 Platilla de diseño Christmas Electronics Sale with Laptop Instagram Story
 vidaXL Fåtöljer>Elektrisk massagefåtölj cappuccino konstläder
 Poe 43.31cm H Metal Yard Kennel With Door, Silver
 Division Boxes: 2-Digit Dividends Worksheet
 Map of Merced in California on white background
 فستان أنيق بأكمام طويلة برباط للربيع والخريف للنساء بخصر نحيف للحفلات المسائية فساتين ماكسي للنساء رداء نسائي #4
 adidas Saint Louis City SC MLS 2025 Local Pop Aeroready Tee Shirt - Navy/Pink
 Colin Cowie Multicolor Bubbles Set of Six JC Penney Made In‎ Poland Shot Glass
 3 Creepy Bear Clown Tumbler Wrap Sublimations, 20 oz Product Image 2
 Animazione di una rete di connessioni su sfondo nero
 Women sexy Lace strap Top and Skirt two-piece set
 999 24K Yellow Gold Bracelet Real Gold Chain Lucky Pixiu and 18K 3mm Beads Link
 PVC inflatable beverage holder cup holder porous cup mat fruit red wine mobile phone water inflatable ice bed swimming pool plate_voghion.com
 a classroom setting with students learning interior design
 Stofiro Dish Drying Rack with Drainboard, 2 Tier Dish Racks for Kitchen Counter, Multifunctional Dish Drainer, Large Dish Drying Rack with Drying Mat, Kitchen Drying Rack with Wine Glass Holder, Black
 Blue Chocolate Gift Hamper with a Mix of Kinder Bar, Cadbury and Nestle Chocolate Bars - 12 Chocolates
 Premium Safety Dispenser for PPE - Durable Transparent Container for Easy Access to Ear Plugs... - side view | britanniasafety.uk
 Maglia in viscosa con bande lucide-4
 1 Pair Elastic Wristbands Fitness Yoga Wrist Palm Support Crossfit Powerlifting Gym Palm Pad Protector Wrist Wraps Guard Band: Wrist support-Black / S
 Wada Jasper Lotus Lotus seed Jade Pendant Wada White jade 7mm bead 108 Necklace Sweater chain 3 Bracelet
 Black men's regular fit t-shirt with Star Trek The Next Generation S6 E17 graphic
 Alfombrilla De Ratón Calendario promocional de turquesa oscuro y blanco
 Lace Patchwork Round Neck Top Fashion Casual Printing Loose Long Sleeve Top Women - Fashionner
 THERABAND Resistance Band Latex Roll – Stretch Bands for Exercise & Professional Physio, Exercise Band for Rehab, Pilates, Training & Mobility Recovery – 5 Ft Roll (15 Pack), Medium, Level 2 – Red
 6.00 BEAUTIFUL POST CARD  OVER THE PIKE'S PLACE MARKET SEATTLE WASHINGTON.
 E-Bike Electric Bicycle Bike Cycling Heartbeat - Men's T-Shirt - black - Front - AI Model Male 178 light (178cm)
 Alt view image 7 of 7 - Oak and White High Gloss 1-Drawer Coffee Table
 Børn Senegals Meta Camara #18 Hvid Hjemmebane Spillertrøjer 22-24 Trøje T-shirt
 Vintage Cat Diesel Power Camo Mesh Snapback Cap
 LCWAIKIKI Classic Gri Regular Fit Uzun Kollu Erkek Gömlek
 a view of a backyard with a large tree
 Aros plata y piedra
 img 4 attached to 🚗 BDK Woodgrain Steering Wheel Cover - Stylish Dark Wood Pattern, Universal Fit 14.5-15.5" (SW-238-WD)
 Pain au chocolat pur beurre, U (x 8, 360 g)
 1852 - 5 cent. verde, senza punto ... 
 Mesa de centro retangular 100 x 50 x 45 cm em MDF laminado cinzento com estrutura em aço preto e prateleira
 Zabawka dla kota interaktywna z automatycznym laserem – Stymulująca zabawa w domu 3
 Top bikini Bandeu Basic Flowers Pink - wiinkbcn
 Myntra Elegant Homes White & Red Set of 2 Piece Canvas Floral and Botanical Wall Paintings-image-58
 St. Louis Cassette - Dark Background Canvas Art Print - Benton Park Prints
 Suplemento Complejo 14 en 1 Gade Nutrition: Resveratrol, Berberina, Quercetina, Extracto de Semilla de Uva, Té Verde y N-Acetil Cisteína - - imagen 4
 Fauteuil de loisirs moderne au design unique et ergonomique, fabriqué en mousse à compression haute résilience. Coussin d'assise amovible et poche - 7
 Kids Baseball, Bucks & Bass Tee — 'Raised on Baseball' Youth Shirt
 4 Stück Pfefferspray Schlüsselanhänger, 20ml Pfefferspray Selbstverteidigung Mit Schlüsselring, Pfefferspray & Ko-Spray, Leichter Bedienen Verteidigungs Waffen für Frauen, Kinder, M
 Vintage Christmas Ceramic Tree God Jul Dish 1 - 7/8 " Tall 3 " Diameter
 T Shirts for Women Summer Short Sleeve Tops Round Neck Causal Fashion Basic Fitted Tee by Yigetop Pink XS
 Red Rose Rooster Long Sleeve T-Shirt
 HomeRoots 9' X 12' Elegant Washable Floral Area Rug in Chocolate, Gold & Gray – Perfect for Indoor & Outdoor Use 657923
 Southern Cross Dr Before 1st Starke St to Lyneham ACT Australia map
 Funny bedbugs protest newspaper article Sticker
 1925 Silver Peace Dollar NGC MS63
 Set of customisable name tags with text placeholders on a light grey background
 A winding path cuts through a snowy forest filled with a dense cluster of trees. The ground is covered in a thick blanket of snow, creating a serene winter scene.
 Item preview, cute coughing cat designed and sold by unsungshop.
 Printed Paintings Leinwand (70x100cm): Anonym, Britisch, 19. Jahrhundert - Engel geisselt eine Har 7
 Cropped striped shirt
+===+
- PROBLEM DESCRIPTION -
After reading the data, retype all of it exactly as it reads.

- OUTPUT OF THE EXERCISE -
 Platilla de diseño Christmas Electronics Sale with Laptop Instagram Story
 vidaXL Fåtöljer>Elektrisk massagefåtölj cappuccino konstläder
 Poe 43.31cm H Metal Yard Kennel With Door, Silver
 Division Boxes: 2-Digit Dividends Worksheet
 Map of Merced in California on white background
 فستان أنيق بأكمام طويلة برباط للربيع والخريف للنساء بخصر نحيف للحفلات المسائية فساتين ماكسي للنساء رداء نسائي #4
 adidas Saint Louis City SC MLS 2025 Local Pop Aeroready Tee Shirt - Navy/Pink
 Colin Cowie Multicolor Bubbles Set of Six JC Penney Made In‎ Poland Shot Glass
 3 Creepy Bear Clown Tumbler Wrap Sublimations, 20 oz Product Image 2
 Animazione di una rete di connessioni su sfondo nero
 Women sexy Lace strap Top and Skirt two-piece set
 999 24K Yellow Gold Bracelet Real Gold Chain Lucky Pixiu and 18K 3mm Beads Link
 PVC inflatable beverage holder cup holder porous cup mat fruit red wine mobile phone water inflatable ice bed swimming pool plate_voghion.com
 a classroom setting with students learning interior design
 Stofiro Dish Drying Rack with Drainboard, 2 Tier Dish Racks for Kitchen Counter, Multifunctional Dish Drainer, Large Dish Drying Rack with Drying Mat, Kitchen Drying Rack with Wine Glass Holder, Black
 Blue Chocolate Gift Hamper with a Mix of Kinder Bar, Cadbury and Nestle Chocolate Bars - 12 Chocolates
 Premium Safety Dispenser for PPE - Durable Transparent Container for Easy Access to Ear Plugs... - side view | britanniasafety.uk
 Maglia in viscosa con bande lucide-4
 1 Pair Elastic Wristbands Fitness Yoga Wrist Palm Support Crossfit Powerlifting Gym Palm Pad Protector Wrist Wraps Guard Band: Wrist support-Black / S
 Wada Jasper Lotus Lotus seed Jade Pendant Wada White jade 7mm bead 108 Necklace Sweater chain 3 Bracelet
 Black men's regular fit t-shirt with Star Trek The Next Generation S6 E17 graphic
 Alfombrilla De Ratón Calendario promocional de turquesa oscuro y blanco
 Lace Patchwork Round Neck Top Fashion Casual Printing Loose Long Sleeve Top Women - Fashionner
 THERABAND Resistance Band Latex Roll – Stretch Bands for Exercise & Professional Physio, Exercise Band for Rehab, Pilates, Training & Mobility Recovery – 5 Ft Roll (15 Pack), Medium, Level 2 – Red
 6.00 BEAUTIFUL POST CARD  OVER THE PIKE'S PLACE MARKET SEATTLE WASHINGTON.
 E-Bike Electric Bicycle Bike Cycling Heartbeat - Men's T-Shirt - black - Front - AI Model Male 178 light (178cm)
 Alt view image 7 of 7 - Oak and White High Gloss 1-Drawer Coffee Table
 Børn Senegals Meta Camara #18 Hvid Hjemmebane Spillertrøjer 22-24 Trøje T-shirt
 Vintage Cat Diesel Power Camo Mesh Snapback Cap
 LCWAIKIKI Classic Gri Regular Fit Uzun Kollu Erkek Gömlek
 a view of a backyard with a large tree
 Aros plata y piedra
 img 4 attached to 🚗 BDK Woodgrain Steering Wheel Cover - Stylish Dark Wood Pattern, Universal Fit 14.5-15.5" (SW-238-WD)
 Pain au chocolat pur beurre, U (x 8, 360 g)
 1852 - 5 cent. verde, senza punto ... 
 Mesa de centro retangular 100 x 50 x 45 cm em MDF laminado cinzento com estrutura em aço preto e prateleira
 Zabawka dla kota interaktywna z automatycznym laserem – Stymulująca zabawa w domu 3
 Top bikini Bandeu Basic Flowers Pink - wiinkbcn
 Myntra Elegant Homes White & Red Set of 2 Piece Canvas Floral and Botanical Wall Paintings-image-58
 St. Louis Cassette - Dark Background Canvas Art Print - Benton Park Prints
 Suplemento Complejo 14 en 1 Gade Nutrition: Resveratrol, Berberina, Quercetina, Extracto de Semilla de Uva, Té Verde y N-Acetil Cisteína - - imagen 4
 Fauteuil de loisirs moderne au design unique et ergonomique, fabriqué en mousse à compression haute résilience. Coussin d'assise amovible et poche - 7
 Kids Baseball, Bucks & Bass Tee — 'Raised on Baseball' Youth Shirt
 4 Stück Pfefferspray Schlüsselanhänger, 20ml Pfefferspray Selbstverteidigung Mit Schlüsselring, Pfefferspray & Ko-Spray, Leichter Bedienen Verteidigungs Waffen für Frauen, Kinder, M
 Vintage Christmas Ceramic Tree God Jul Dish 1 - 7/8 " Tall 3 " Diameter
 T Shirts for Women Summer Short Sleeve Tops Round Neck Causal Fashion Basic Fitted Tee by Yigetop Pink XS
 Red Rose Rooster Long Sleeve T-Shirt
 HomeRoots 9' X 12' Elegant Washable Floral Area Rug in Chocolate, Gold & Gray – Perfect for Indoor & Outdoor Use 657923
 Southern Cross Dr Before 1st Starke St to Lyneham ACT Australia map
 Funny bedbugs protest newspaper article Sticker
 1925 Silver Peace Dollar NGC MS63
 Set of customisable name tags with text placeholders on a light grey background
 A winding path cuts through a snowy forest filled with a dense cluster of trees. The ground is covered in a thick blanket of snow, creating a serene winter scene.
 Item preview, cute coughing cat designed and sold by unsungshop.
 Printed Paintings Leinwand (70x100cm): Anonym, Britisch, 19. Jahrhundert - Engel geisselt eine Har 7
 Cropped striped shirt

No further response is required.